_WHAT YOU NEED TO DO_
Transcribe the records word for word. Leave every picture out.
────────────────────────────────────────
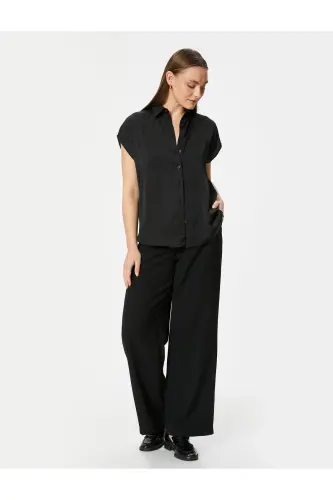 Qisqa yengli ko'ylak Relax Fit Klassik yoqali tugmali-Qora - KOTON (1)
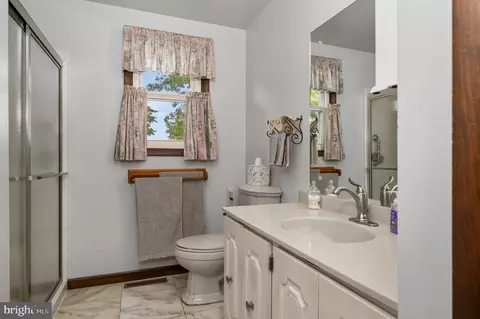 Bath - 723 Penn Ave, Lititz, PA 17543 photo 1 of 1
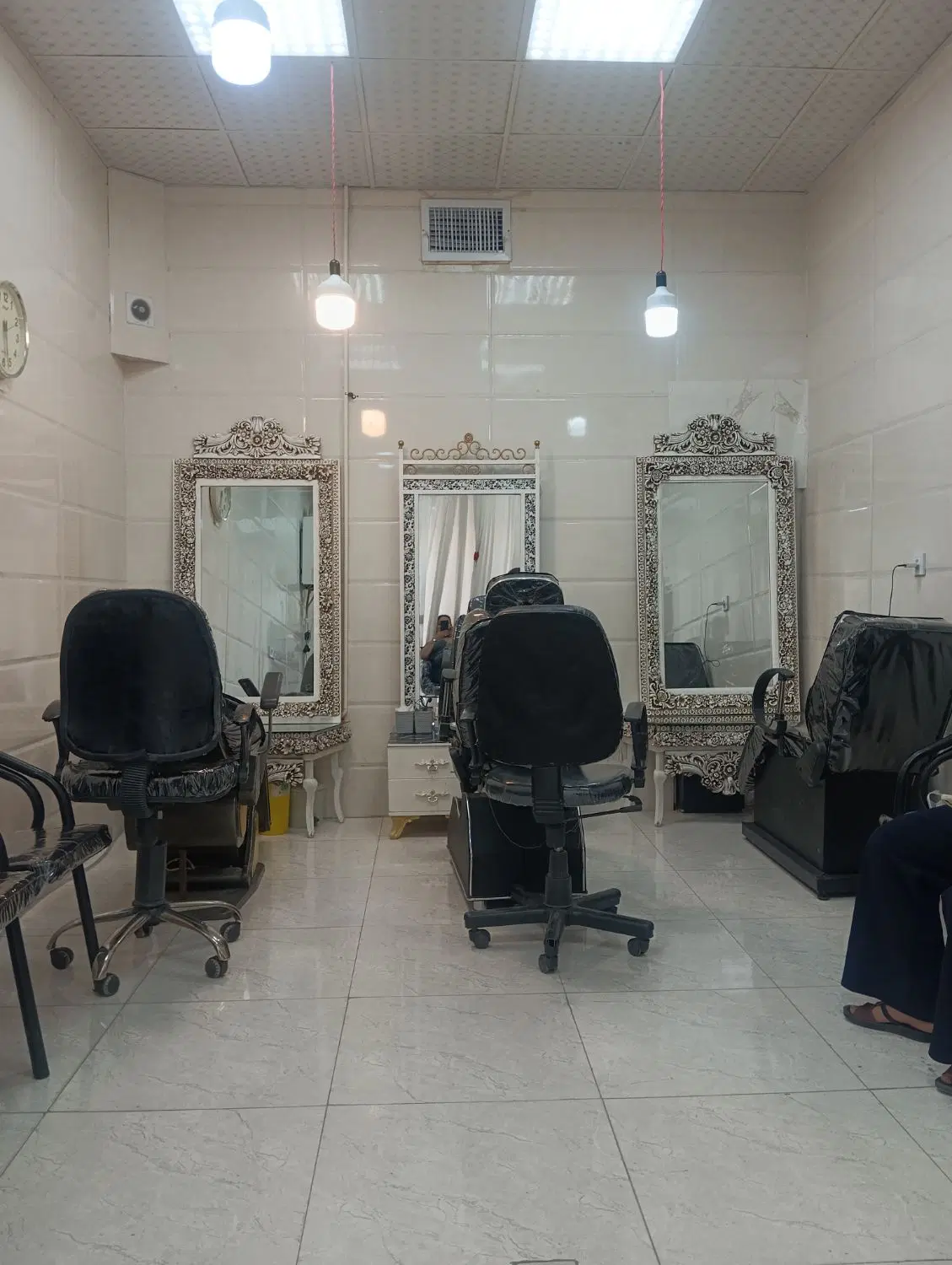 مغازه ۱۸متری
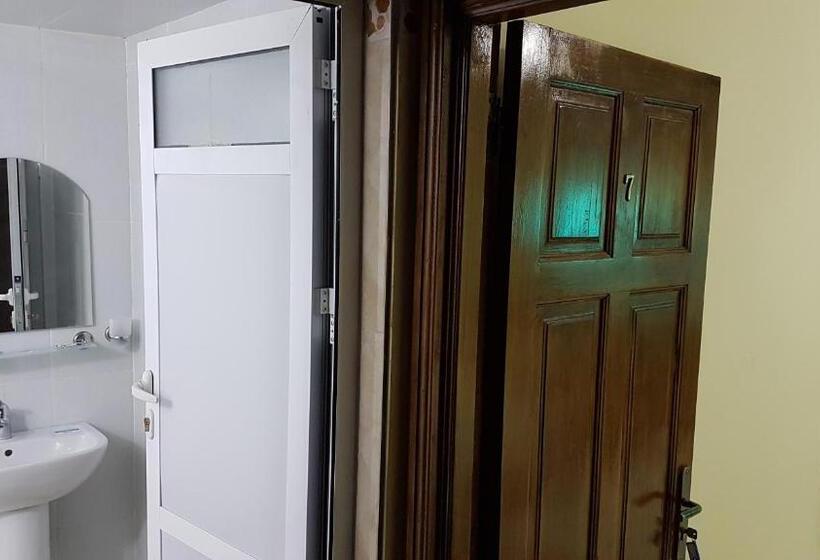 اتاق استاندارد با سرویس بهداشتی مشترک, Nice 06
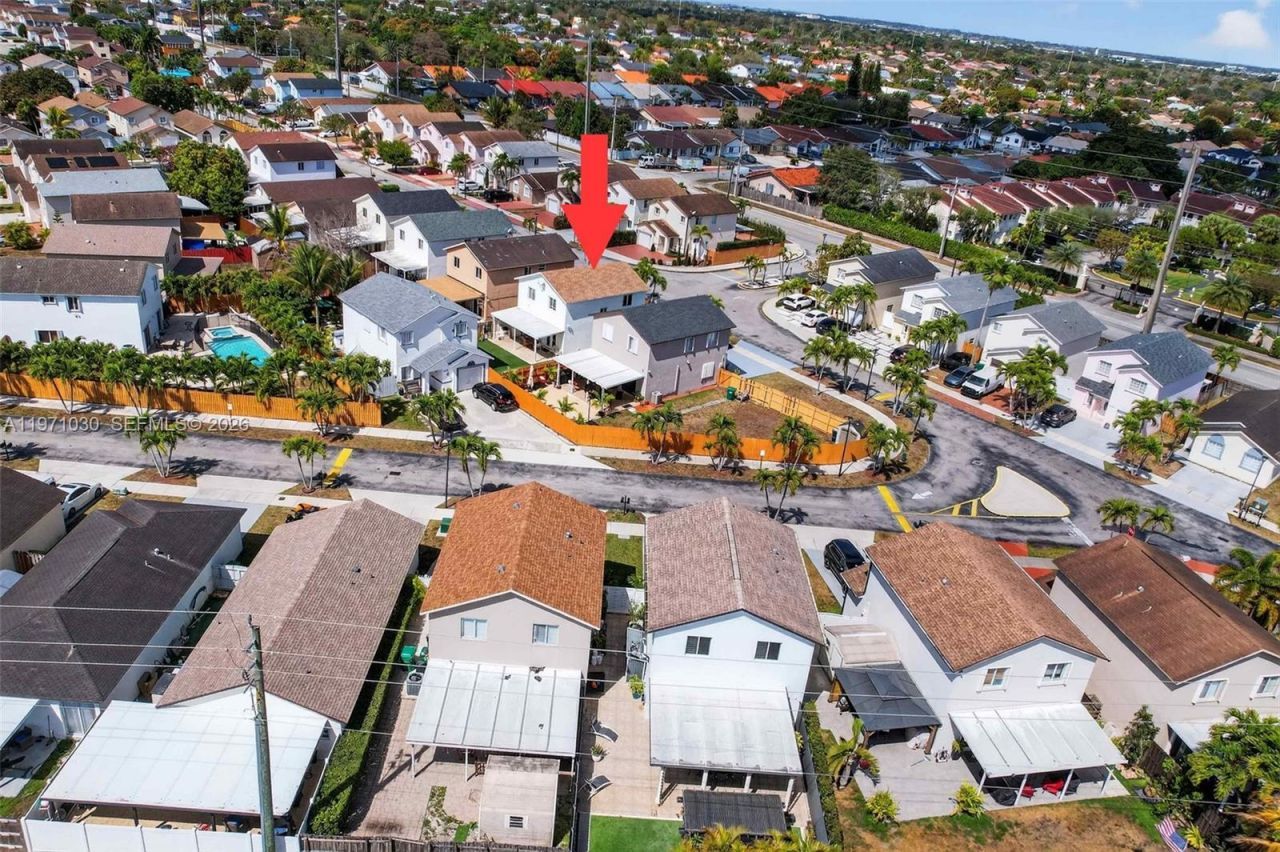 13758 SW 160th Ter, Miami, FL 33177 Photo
────────────────────────────────────────
_RESPONSE TO THE TASK_
 Qisqa yengli ko'ylak Relax Fit Klassik yoqali tugmali-Qora - KOTON (1)
 Bath - 723 Penn Ave, Lititz, PA 17543 photo 1 of 1
 مغازه ۱۸متری
 اتاق استاندارد با سرویس بهداشتی مشترک, Nice 06
 13758 SW 160th Ter, Miami, FL 33177 Photo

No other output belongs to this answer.